### What the task asks
Give again, exactly as written, each line of the material below starting at the line that contains "DOGGIE DESIGN 'Scary" and ending at the line that contains "Dallas cowboys gold pendant deals". Both ends count, and no other line does.

### Records for this exercise
BEGIN
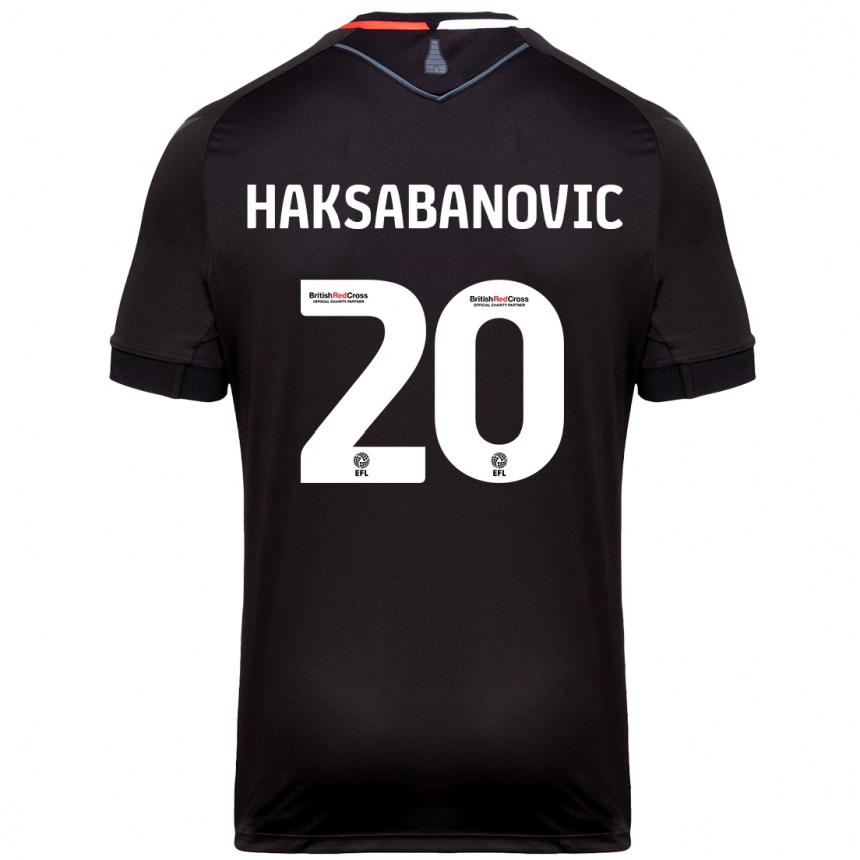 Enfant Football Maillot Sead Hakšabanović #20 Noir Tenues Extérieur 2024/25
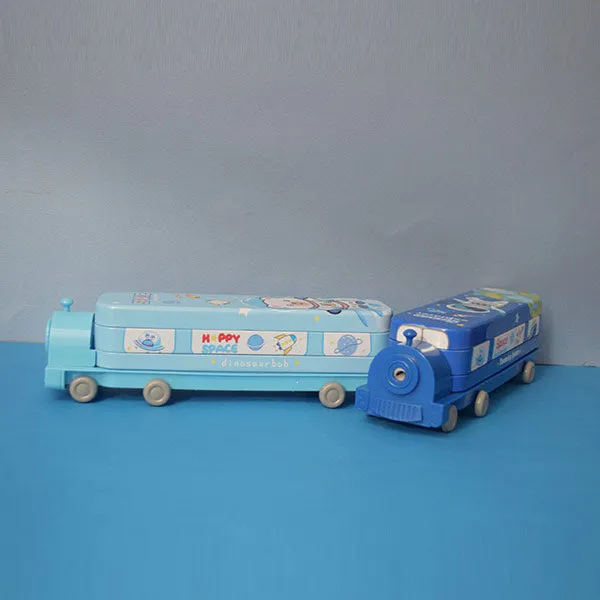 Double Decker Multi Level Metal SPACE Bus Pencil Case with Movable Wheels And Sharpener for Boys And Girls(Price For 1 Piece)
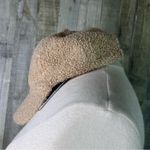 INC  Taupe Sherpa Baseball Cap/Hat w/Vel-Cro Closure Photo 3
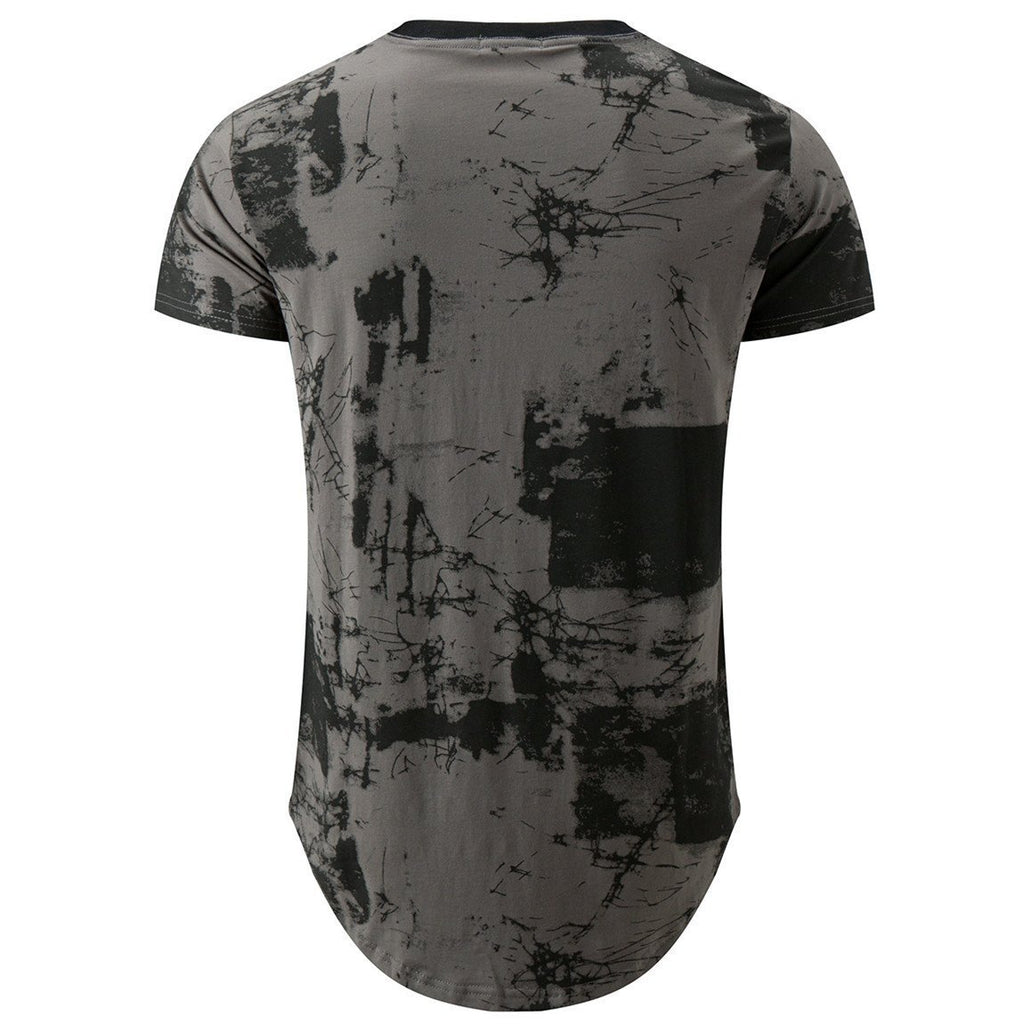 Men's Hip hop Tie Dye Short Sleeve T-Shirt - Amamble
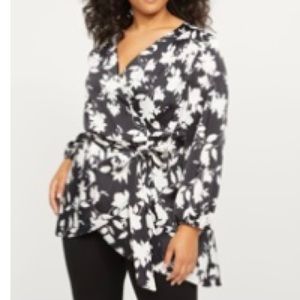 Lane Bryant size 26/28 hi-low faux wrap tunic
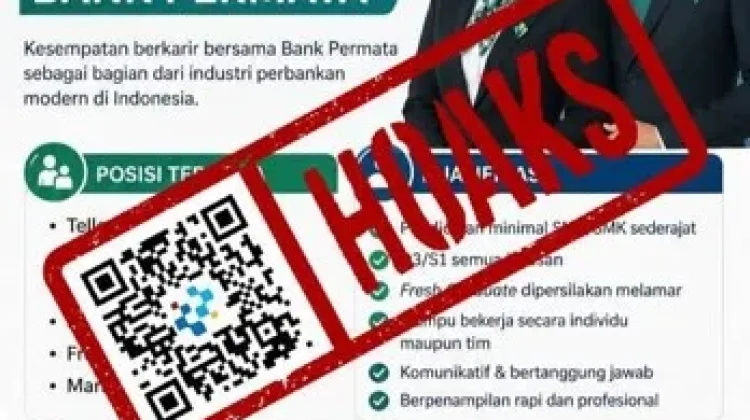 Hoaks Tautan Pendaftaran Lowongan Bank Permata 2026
END
BEGIN
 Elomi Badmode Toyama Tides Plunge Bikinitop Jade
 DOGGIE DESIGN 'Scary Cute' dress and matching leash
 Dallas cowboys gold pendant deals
END
### Response area
 DOGGIE DESIGN 'Scary Cute' dress and matching leash
 Dallas cowboys gold pendant deals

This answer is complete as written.